Only the lines from the one containing "Miniatura: Youth Poetic Short Sleeve T-Shirt" through the one containing "Disney Store Marvel" should be printed, exactly as they appear below, with both ends included.
******
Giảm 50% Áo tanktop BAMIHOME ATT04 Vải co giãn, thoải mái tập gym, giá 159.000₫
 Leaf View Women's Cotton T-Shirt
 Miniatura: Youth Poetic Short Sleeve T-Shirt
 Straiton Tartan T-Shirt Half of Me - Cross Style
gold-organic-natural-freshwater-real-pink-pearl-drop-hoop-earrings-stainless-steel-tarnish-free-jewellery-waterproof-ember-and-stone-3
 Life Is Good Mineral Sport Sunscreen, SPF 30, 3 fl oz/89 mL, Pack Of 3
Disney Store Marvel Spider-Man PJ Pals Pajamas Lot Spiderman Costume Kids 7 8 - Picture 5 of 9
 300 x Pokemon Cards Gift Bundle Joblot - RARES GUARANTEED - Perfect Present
******
Response to this task:
 Miniatura: Youth Poetic Short Sleeve T-Shirt
 Straiton Tartan T-Shirt Half of Me - Cross Style
gold-organic-natural-freshwater-real-pink-pearl-drop-hoop-earrings-stainless-steel-tarnish-free-jewellery-waterproof-ember-and-stone-3
 Life Is Good Mineral Sport Sunscreen, SPF 30, 3 fl oz/89 mL, Pack Of 3
Disney Store Marvel Spider-Man PJ Pals Pajamas Lot Spiderman Costume Kids 7 8 - Picture 5 of 9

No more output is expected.